Tendinitis of the Achilles tendon touches the strongest tendon in the body that connects the heel to the muscles of the leg.
By its structure and function, the Achilles tendon is frequently subject of acute or chronic hurts. Are described in the literature causes relating to a repetition of load-involving efforts. In fact, these dysfunctions are usually multifactorial, result from a combination of intrinsic and extrinsic factors.
Anatomically, the Achilles tendon is the distal tendon of the tricep sural muscle. The tendon fibers arise from the junction of medial and lateral gastrocnemius muscles (poly-articular muscles) with the soleus muscle (monoarticular). They follow the superficial posterior part of the lower half of the leg, about 15 cm posterior to the edge of the calcaneus. The structure of the tendon is composed of two blades, the first most posterior end of the gastrocnemius and the second, deeper after being in the soleus muscle, describes a 90 ° twist from top to bottom and back to the inside. It is the largest tendon in the human body, it is able to withstand during running (a speed of 6.5 m / s) a load equal to 12 times the body weight.
According to EMG studies, internal gastrocnemius muscle is most active during running, which explains its volume. With their poly-articular insertions, gastrocnemius have a mainly dynamic motor activity, versus the fibers of the Soleus muscle group which have similar characteristics to those of the majority of tonic fibers, type I, corresponding to a static motor function.
Studies of the Achille tendon’s microvasculature indicate that its portion positionned 1.5 to 7 cm from the calcaneus is relatively poorly vascularized.

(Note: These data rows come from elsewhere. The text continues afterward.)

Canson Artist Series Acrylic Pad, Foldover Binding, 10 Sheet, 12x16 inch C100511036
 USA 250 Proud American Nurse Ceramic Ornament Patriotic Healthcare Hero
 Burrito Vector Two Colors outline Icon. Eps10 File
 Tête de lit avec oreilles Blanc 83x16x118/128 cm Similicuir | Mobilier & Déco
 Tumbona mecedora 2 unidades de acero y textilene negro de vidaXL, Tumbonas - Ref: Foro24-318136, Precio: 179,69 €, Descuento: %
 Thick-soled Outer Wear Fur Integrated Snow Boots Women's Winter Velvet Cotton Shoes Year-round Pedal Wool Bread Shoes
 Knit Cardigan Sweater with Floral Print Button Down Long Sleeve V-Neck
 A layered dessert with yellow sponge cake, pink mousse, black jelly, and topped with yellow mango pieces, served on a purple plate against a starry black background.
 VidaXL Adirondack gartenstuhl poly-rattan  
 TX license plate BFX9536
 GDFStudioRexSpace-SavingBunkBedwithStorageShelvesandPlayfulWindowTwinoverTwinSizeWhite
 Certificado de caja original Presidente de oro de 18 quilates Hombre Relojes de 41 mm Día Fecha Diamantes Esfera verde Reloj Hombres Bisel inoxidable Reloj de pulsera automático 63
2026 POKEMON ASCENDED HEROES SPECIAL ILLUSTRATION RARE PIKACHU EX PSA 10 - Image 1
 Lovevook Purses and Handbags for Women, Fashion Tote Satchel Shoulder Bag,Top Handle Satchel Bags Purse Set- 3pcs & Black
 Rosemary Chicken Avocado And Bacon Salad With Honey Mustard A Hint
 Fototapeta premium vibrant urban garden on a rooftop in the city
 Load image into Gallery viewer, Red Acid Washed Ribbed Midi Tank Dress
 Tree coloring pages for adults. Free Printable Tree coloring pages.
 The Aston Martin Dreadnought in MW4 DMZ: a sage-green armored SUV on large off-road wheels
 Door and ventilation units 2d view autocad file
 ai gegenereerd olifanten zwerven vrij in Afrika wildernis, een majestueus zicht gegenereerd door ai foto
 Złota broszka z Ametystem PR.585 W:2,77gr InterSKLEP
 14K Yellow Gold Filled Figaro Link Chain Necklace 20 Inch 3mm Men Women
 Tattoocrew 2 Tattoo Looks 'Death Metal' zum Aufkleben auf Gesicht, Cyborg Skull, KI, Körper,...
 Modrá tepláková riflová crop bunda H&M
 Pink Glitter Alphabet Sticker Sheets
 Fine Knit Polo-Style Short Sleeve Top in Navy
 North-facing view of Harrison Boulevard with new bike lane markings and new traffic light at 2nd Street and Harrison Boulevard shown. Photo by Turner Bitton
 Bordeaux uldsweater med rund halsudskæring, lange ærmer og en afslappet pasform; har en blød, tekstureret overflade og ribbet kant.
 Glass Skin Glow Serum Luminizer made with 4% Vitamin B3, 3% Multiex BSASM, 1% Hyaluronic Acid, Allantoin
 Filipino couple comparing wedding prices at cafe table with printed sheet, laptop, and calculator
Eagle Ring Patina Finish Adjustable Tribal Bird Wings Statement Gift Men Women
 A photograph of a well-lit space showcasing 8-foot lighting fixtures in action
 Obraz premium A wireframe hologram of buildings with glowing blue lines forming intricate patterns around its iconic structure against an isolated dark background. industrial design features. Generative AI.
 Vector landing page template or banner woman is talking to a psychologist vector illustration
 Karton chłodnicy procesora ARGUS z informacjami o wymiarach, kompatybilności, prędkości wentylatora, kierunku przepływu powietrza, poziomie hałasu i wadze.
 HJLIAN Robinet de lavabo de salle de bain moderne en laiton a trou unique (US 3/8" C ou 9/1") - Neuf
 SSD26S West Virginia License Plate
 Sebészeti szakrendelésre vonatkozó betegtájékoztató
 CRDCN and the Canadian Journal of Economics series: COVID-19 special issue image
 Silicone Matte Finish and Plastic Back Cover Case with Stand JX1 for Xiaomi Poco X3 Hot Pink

Indeed arterioles are numerous in the immediate proximity of the osteo-tendinous junction. This has for consequence the appearence in this poorly vascularized area of degenerative process, inflammatory or not, an even ruptures. In addition to the tendon structure, this anatomical area may present various pain syndromes that must not be confused, such as retro-calcaneenne bursitis, pre-calcaneenne bursitis or Achilles insertion tendinitis.
They appear frequently during repeated movements of friction in cases such as using an inappropriate shoe. Concurrently, some anatomical peculiarities located on the posterior banks of the calcaneus called “deformations of Haglund” can also be the origin of these inflammatory diseases.
It is usually caused by running uphill or downhill, jumps and sports that require sudden starts and stops. Wearing shoes with a flexible heel or a very rigid sole can also promote this disease, especially in patients prone to sprains.